Man, this life thing is powerful. And even more so when we let ourselves fall down once in a while.
Because I know it is coming to an end, I am now fully enjoying the last few paragraphs of this chapter, up here on the roof of the world. I am soaking up the quiet, the hours, the sun waking me up from over the hill, the lighthouse (the second longest light in Italy, mind you) illuminating the channel between Naples and Sardinia - and my room - every 5 seconds, all of it, the time to write. I have a feeling that when I get home, these weeks will have become some of my most cherished memories. Funny how that works.
Thank you for being on this trip with me. I know that all this stuff I am dancing with - the really great and the less great - is part of what we all do, as our big human family.
And because of this, in a way we are never truly alone.
Whenever I heard about Pompeii, growing up, I thought of it as some fantastical place that did not really exist. Kind of like unicorns. So when I heard that Pompeii was a short train ride away from where I am currently living, I knew for sure I had to go.

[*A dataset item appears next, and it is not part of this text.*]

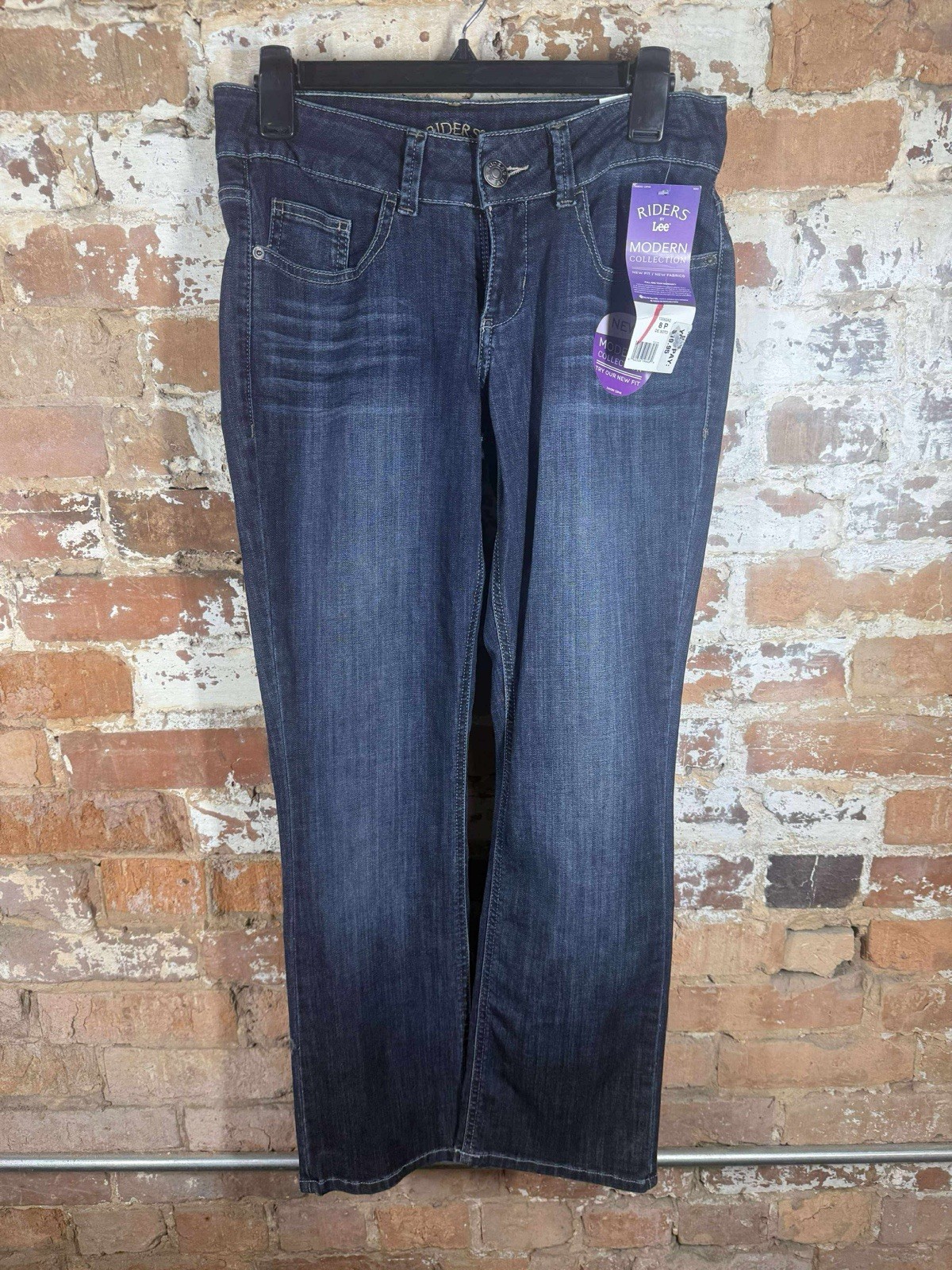 Womens 8 P Denim Classic Fit Modern Series Curvy Bootleg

My son and I arrived there mid day and, for the next several hours my brain was suspended above my head, not sure what to do with itself.

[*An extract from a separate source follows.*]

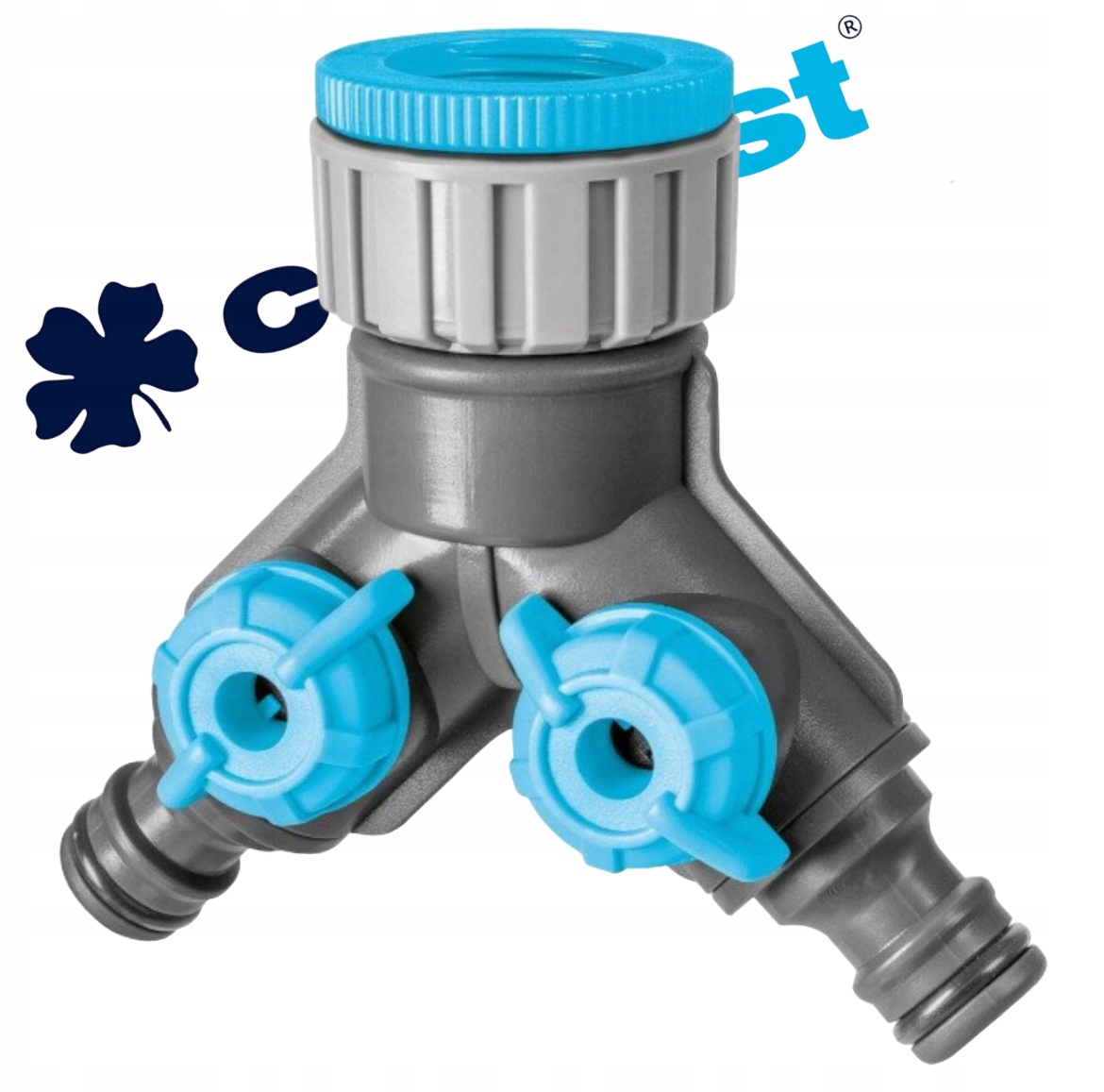 ROZDZIELACZ 2 zawory Z DWOMA ZAWORAMI + redukcja 3/4 - 1cal 52-220 CELLFAST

There were actually three distinct phases to my mind melt.
The first one was that we were walking in the middle of an empty 2000 year old city. I don't care how much time I have spent in Europe and walked among ancient buildings, this was a jolt. Street after street, house after house, stores, piazza, swimming pools... This is not one beautiful isolated building, this is a city. Where 11,000 people lived and did their every day thing. Which you can feel. You can feel the steps on the worn out stones of the streets, you can feel the crowds gathered in the giant piazza, you can feel people coming in and out of their homes. As the sun set and the whole place turned golden, I could almost see Roman kids playing around the corner, sandals on their feet, on their way home. So yes. That. That alone was enough to re-arrange my insides and slather me with a thick layer of both awe and a strange sense of belonging.

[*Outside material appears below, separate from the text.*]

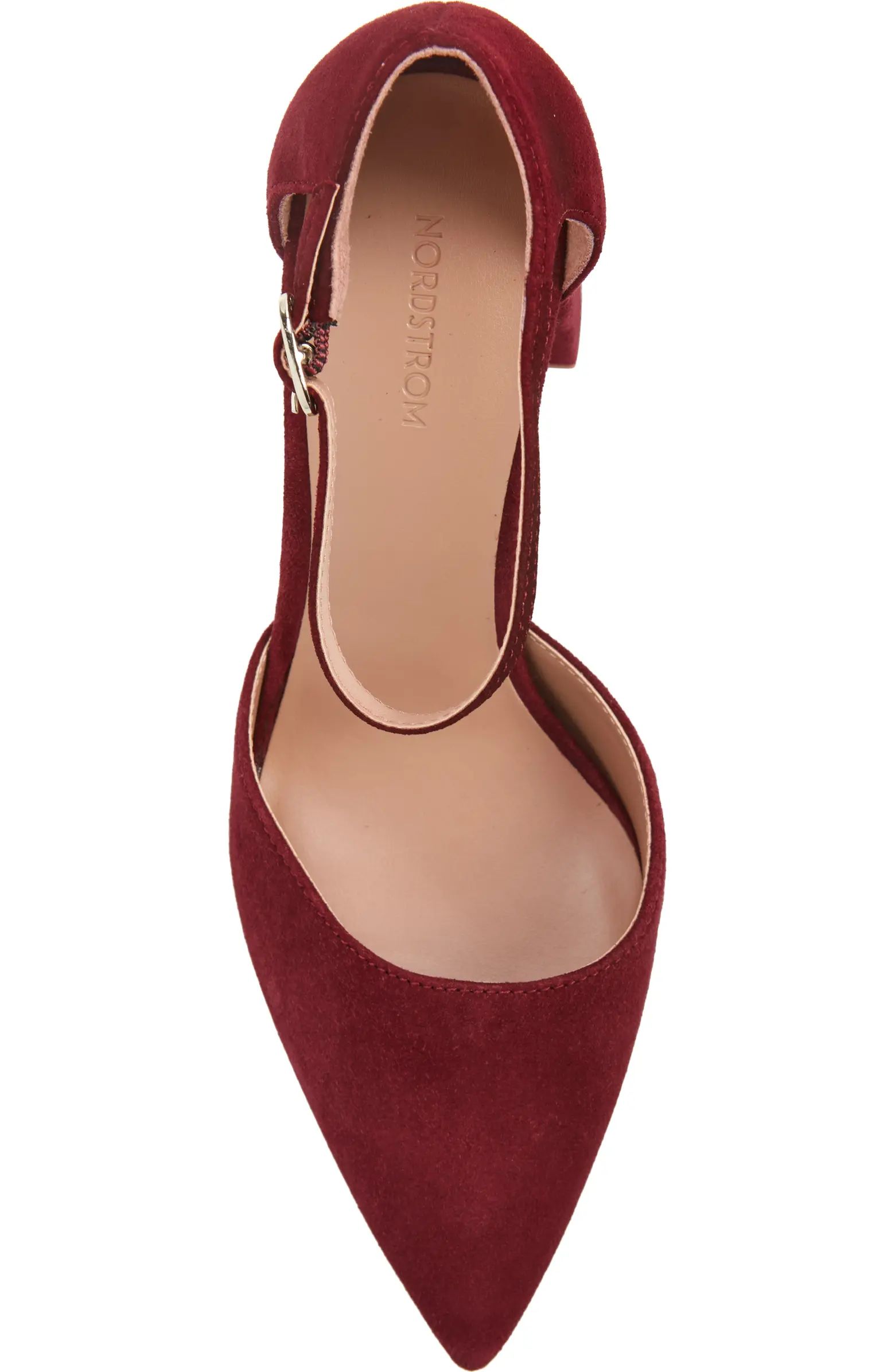 Paola Ankle Strap Pointed Toe Pump (Women) | Nordstrom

Next, there is the fact that until not too long ago, Pompeii was buried under 13 to 20 ft of volcanic ash and pumice. For over 1,500 years, all this beauty, marble counters, frescoes, bread ovens and yes, people, were invisible. Something about that seems just as sacred as the fact that it been a lively community. There was a quietness in thinking about it, a sense of inner hush that made me want to use my library voice.
Finally, just as I tried to make room in my head for the two above points, there is the whole excavation business to take in. It started in 1748, and it is still in the process. Recently, the excavation has been scaled down, in order to concentrate the limited resources available to restore and maintain the buildings which have already been exposed. And my god, what a job that is! HOW, HOW did these buildings get extracted from the ash and the pumice? With paintings still bright, and pottery intact, and mosaics, and doors, and ... I am telling you: it was almost too much to hold.
And then, there's Mount Vesuvius, still active and a constant presence in the not-so-far background. It's there, it's looking down as we're looking up, no way to avoid it. And also no way to ignore the fact that had it not, on that terrible 79AD August day, showed its fierce and merciless power, there would be no way for us today to walk these streets and catch a glimpse of these kids going home in their sandals.
Humans and our humanness amaze me and some days all I can say is thank you, without even trying to understand why.